[The Country House by John Galsworthy]@TWC D-Link bookThe Country House CHAPTER IX 4/27
He was shown into a room bare of all legal accessories, except a series of Law Reports and a bunch of violets in a glass of fresh water.
Edmund Paramor, the senior partner of Paramor and Herring, a clean-shaven man of sixty, with iron-grey hair brushed in a cockscomb off his forehead, greeted him with a smile. "Ah, Vigil, how are you? Up from the country ?" "From Worsted Skeynes." "Horace Pendyce is a client of mine.
Well, what can we do for you? Your Society up a tree ?" Gregory Vigil, in the padded leather chair that had held so many aspirants for comfort, sat a full minute without speaking; and Mr. Paramor, too, after one keen glance at his client that seemed to come from very far down in his soul, sat motionless and grave.
There was at that moment something a little similar in the eyes of these two very different men, a look of kindred honesty and aspiration.

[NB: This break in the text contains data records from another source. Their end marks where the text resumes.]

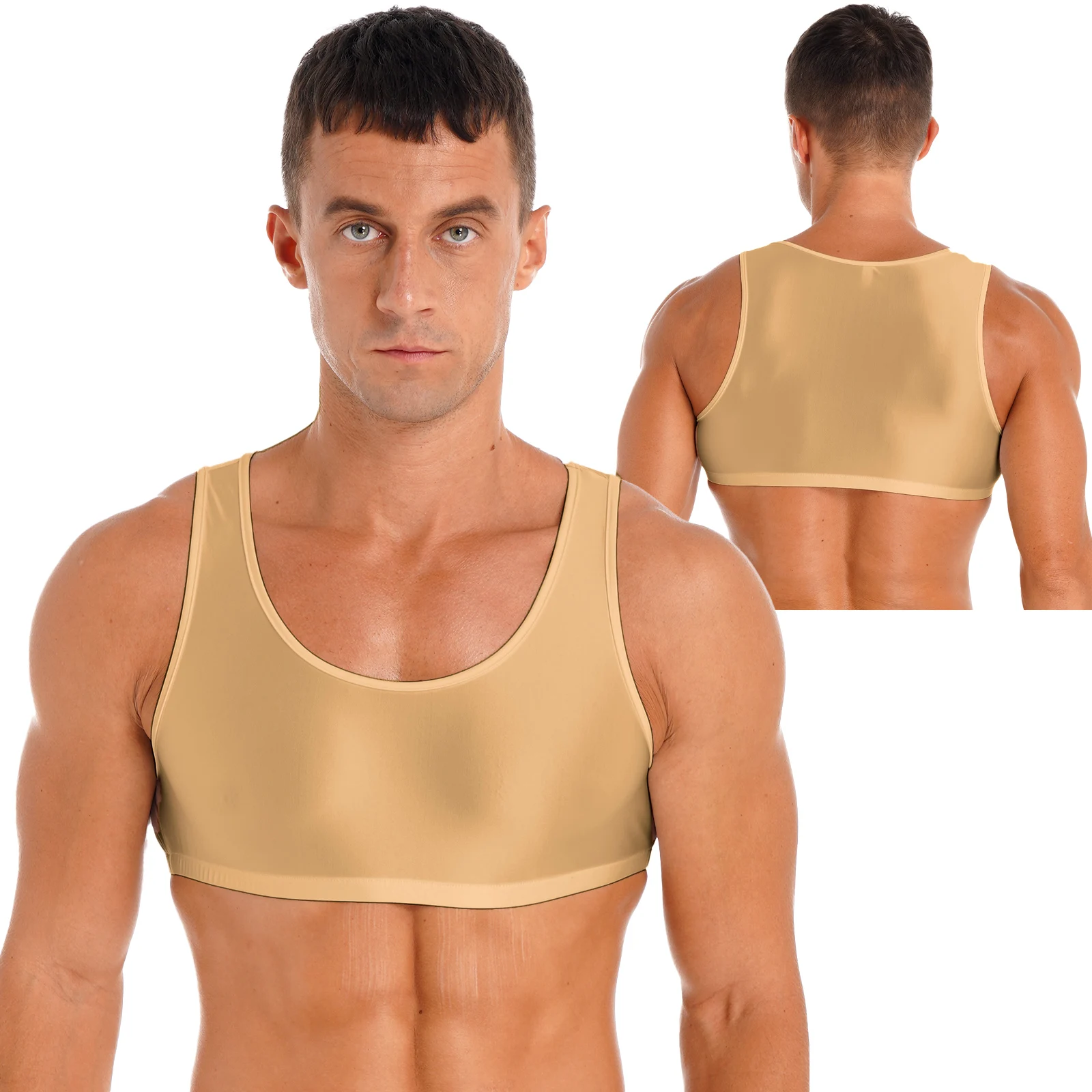 thumbnail image 1 of Camiseta sin mangas recortada brillante para culturismo para hombre, chaleco sin mangas, Tops con cuello redondo, traje de baño, ropa de dormir, ropa para discoteca de Color sólido, 1 of 5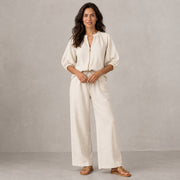 Conjunto Mujer Top con Cremallera y Pantalón Ancho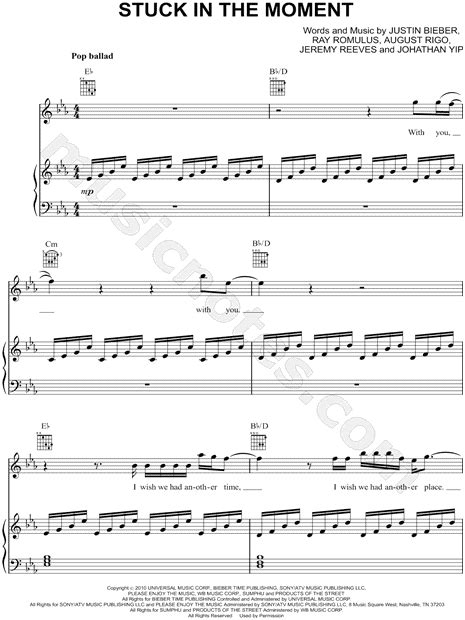 Justin Bieber "Stuck In the Moment" Sheet Music in Eb Major (transposable) - Download & Print ...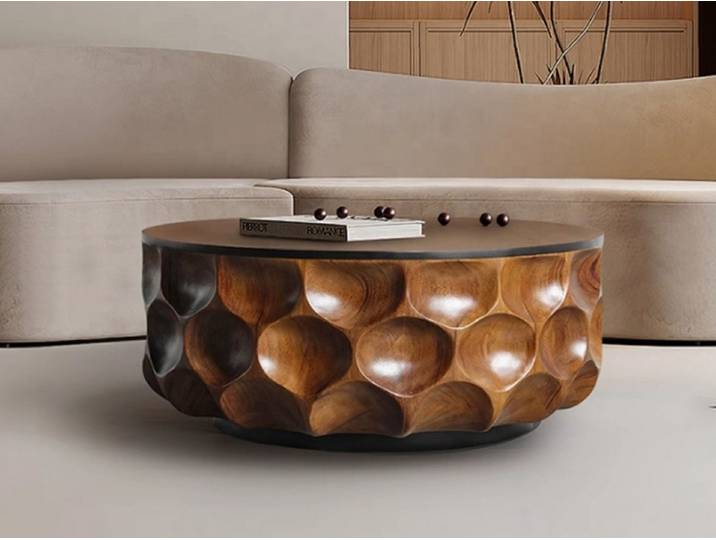 mukuhi Couchtisch Couchtisch rund 100 cm Holz Design Wohnzimmertisch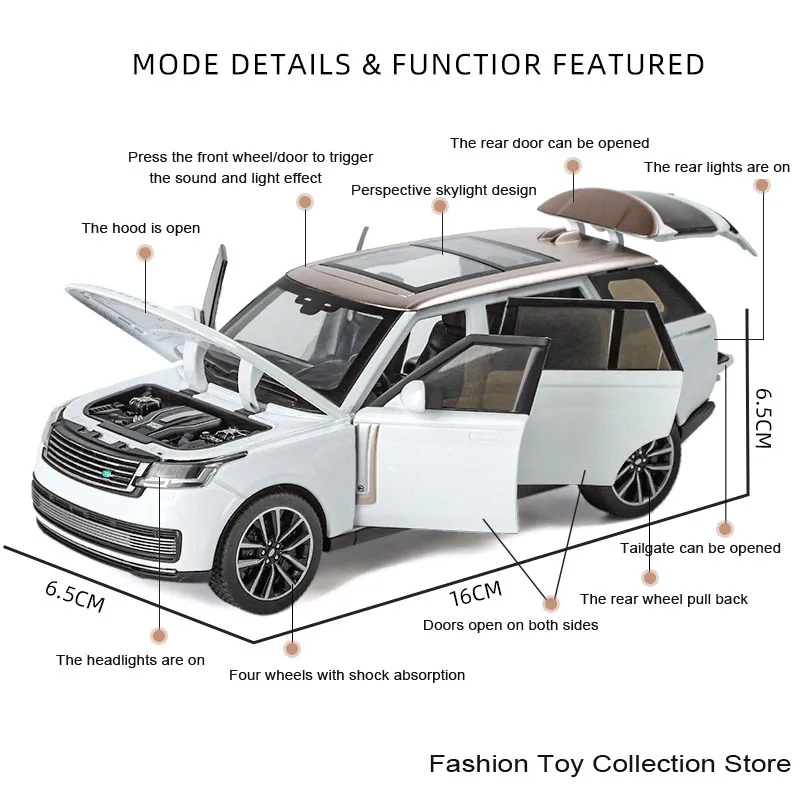 Modèle de voiture en alliage Range Rover Sv2022, haute simulation, moulé sous pression, jouet avec son et lumière, véhicules arrière nervurés, jouets de décoration, 1: 32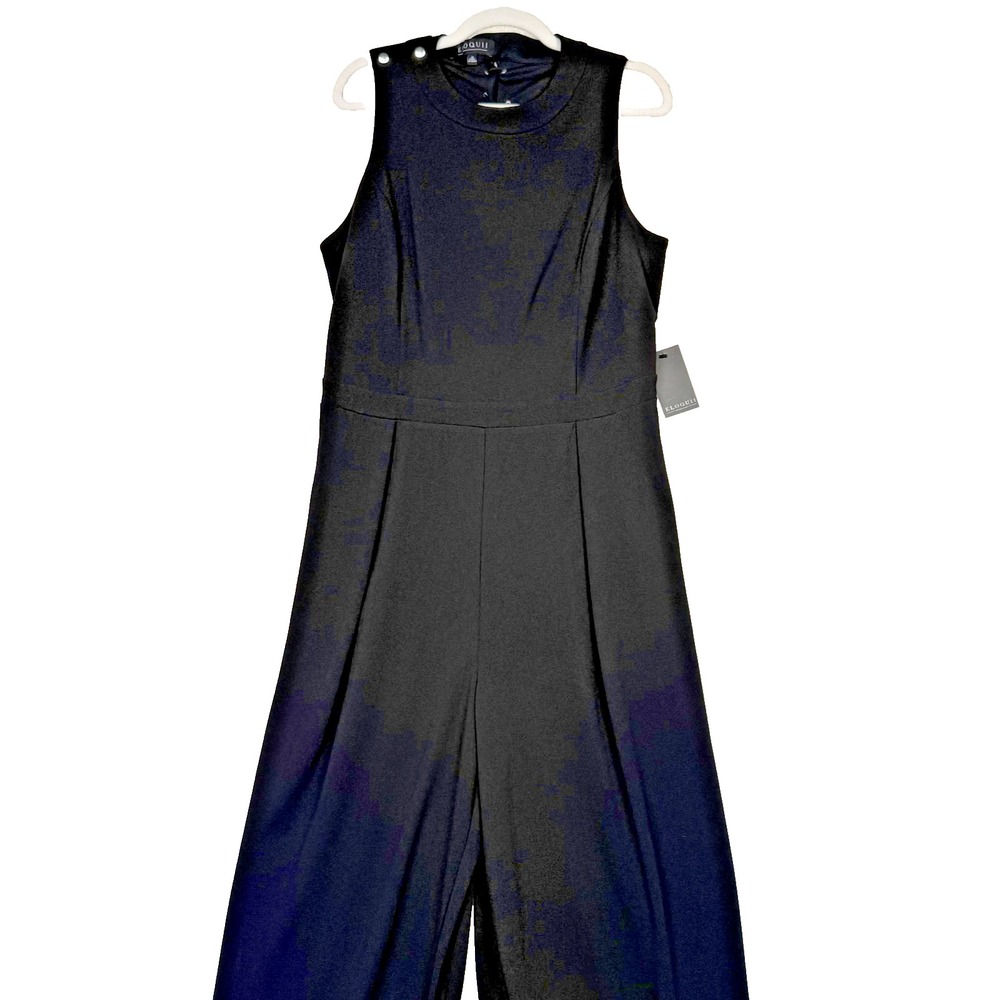 Eloquii Jumpsuit Womens 18 Black Sleeveless Wide Leg Lace Up Back Dressy New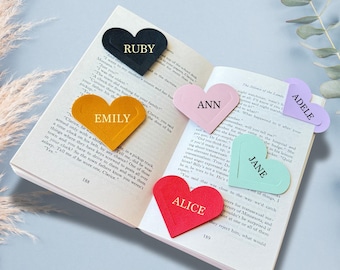 Personalized Leather Heart Bookmark: Gift for Book Lover
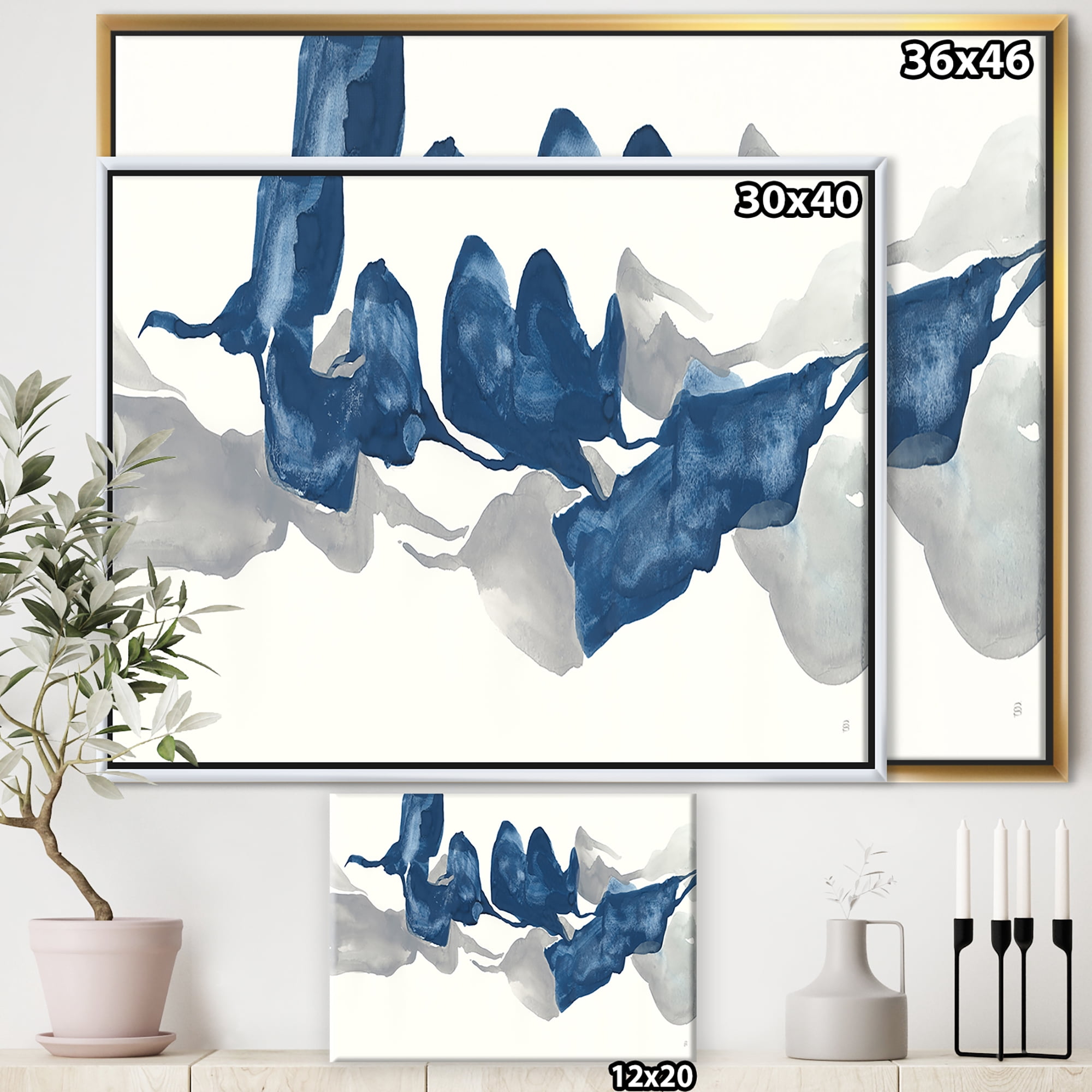 Designart ' Gouache Sapphire on Gray ' Modern & Contemporary Framed Canvas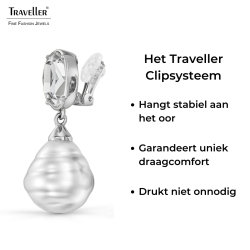 Traveller Clip Oorbellen - Hangers - Zilverkleurig - Barok Parels - 20x17mm - Kristallen - Geplatineerd - 42x17mm - 114285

Gregory spoke at last. "It's a painful subject to me." Mr.Paramor drew a face on his blotting-paper. "I have come," went on Gregory, "about a divorce for my ward." "Mrs.Jaspar Bellew ?" "Yes; her position is intolerable." Mr.Paramor gave him a searching look. "Let me see: I think she and her husband have been separated for some time." "Yes, for two years." "You're acting with her consent, of course ?" "I have spoken to her." "You know the law of divorce, I suppose ?" Gregory answered with a painful smile: "I'm not very clear about it; I hardly ever look at those cases in the paper.